4. Emotional health impacts physical health.
There is a direct connection between our emotional health and our physical health. If our lives are filled with stress, our physical health suffers. It has been estimated that well over 80% of our health problems are stress related. We experience stress primarily because we are not comfortable emotionally. We need to understand the link between our emotional health and our physical health.
5. Poor EQ is linked to crime and other unethical behaviors.
Unfortunately, there's a direct connection between poor emotional skills and the rising crime rate. Children who have poor emotional skills become social outcasts at a very young age. They might be the class bully because of a hot temper.
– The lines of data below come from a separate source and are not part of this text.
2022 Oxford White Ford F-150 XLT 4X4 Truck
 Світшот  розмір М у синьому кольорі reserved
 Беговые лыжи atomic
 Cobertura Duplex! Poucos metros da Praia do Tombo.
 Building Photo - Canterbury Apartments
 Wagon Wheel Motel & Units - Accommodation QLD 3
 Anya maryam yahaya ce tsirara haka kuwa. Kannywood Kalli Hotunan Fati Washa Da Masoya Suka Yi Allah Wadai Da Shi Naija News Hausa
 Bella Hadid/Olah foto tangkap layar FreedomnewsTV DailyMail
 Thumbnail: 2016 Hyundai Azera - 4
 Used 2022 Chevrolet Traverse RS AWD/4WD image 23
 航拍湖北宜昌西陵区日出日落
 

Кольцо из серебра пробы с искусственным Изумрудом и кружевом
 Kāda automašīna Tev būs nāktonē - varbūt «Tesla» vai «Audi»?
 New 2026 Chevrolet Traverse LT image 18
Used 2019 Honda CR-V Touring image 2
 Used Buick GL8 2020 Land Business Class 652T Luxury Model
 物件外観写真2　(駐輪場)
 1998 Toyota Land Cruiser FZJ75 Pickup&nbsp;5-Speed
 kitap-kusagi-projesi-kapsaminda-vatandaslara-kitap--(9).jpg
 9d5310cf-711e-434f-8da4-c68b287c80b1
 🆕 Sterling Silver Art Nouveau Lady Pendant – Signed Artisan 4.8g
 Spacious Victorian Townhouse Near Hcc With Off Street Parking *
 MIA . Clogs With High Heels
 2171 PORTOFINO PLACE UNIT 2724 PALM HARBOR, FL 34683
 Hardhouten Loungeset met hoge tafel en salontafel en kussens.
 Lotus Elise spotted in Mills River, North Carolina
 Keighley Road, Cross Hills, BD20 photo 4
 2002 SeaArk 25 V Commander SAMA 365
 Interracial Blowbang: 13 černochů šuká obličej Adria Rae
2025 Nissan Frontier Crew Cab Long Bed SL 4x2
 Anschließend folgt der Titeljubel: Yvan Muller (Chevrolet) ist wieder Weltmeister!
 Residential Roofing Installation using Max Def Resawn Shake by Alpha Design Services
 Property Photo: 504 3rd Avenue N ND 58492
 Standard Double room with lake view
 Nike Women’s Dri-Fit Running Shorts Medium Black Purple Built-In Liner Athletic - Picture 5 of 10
They may have learned to react with fists rather than reason. Poor social and emotional skills contribute to poor attention in class and feelings of frustration. Such students rapidly fall behind and make friends with others in the same boat. The path to crime starts early in life. While there's no doubt that family and environment are strong contributors, the common thread is poor emotional and social skills.
This is one case where an ounce of prevention would certainly be worth a pound of cure. The cost of intervention when a child is in grade school is minor compared to the cost to jail them in their teens and twenties.
So how do we develop emotional intelligence?
We need to know our emotions. We need to develop self-awareness -- the ability to recognize feelings as they happen.
We must learn how to manage our emotions. Unless we learn to manage our emotions we will constantly be battling feelings of gloom and distress.
We must learn to motivate ourselves. Learn emotional self-control -- to delay gratification.
If we are to succeed in life, we need to learn to recognize emotions in others. We need to develop empathy. We need to be attuned to what others want or need.
And we need to develop our emotional intelligence so we are capable of healthy relationships.